Is it okay to write short stories for fun? Of course. Writing can be fun. It’s like sex that way. Or masturbation. Whatever. The point is, if you just want to write a thing and you enjoy doing it, there’s no requirement that you show it to anyone else, or edit it, or do anything but bask in the afterglow. So if all you need is someone to give you permission to do a thing that you like, then voila. Permission granted.

If you want to write novels instead, that’s okay, too. We all have a limited amount of time to work with, and we have to make choices about what we do with that time. If you write 350 words a day, then you have to decide whether that will be 350 words of short fiction or long form. At that pace, you can write roughly one novel a year, or roughly 20 short stories. As a wise Myke Cole once told me, there aren’t many people out there building a career or making a name for themselves on short fiction. So if that’s where you want to go–money, fame, mobs of screaming fans, or any muted variation thereof–novels are the car to take you there.

If you want to write better short stories, it won’t be easy, but you have many options. Classes. Critique groups. Books on writing. You have to really internalize the notion that writing this stuff is as much work as writing novels. A shiny idea is just an egg. You have to learn to sit on something a while after you write it instead of getting super excited and kicking it out of the nest like a newborn bird–it will not fly, as I know from experience. You have to learn how to take a thing apart and put it back together so that it works, to build the mechanical bird that soars instead of flopping around on your table. You have to learn how to take rejection, grit your teeth and keep submitting. Don’t worry about the suffering of the editors too much; they’re doing their job. Worry about sending them something worth reading. Worry about your bird, not the color of the sky.

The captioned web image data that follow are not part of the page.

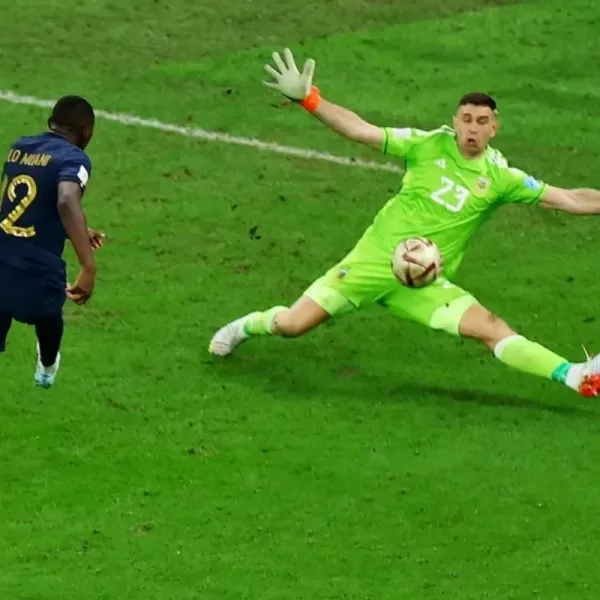 Emiliano "Dibu" Martínez sobre la atajada a Kolo Muani en la final del Mundial: "Lo empujé a patear allí"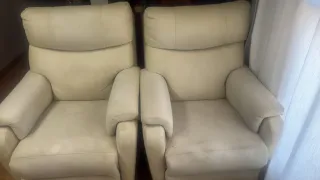 Se REGALAN 2 Sillones de Polipiel Beige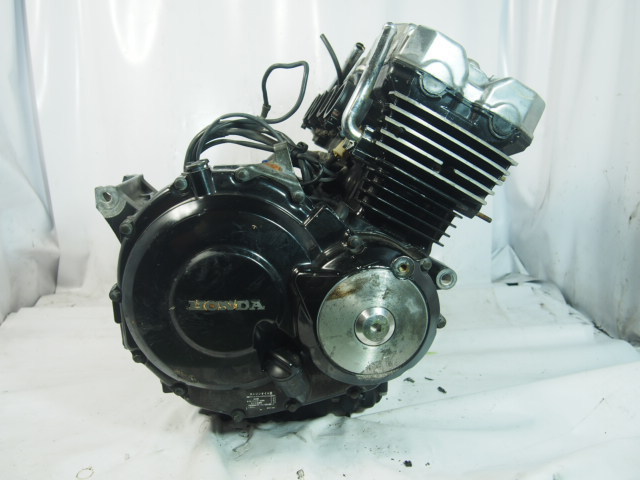 一応実働CB400SFバージョンSエンジンNC31_96年_載せ替えのベースなどに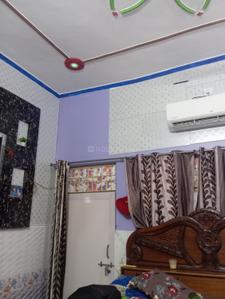 Bedroom Image of 1200 Sq.ft 4 BHK Builder Floor for sale in Koila Alipur Bangar Mathura for Rs. 4500000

I say all this as someone who almost stopped writing recently because of a really rough critique of a story I poured my soul into. It sucks like a Dyson. But I dug around in the pockets of my soul and came up with enough change to get my ass back on the train to Writertown, population: People Who Write. So if that’s you, here’s a dollar. See you there.

2 Responses to “Short stories versus novels versus quitting”

  1. Yep. I am right (or write) there with you. I’ve had a critique rip out my soul, but it was mostly because I thought I was brilliant and the crit was so dead on it damn near killed me. But eventually you get up and put the pen to paper again. It’s what we do. Validation or not. Published or not. We write.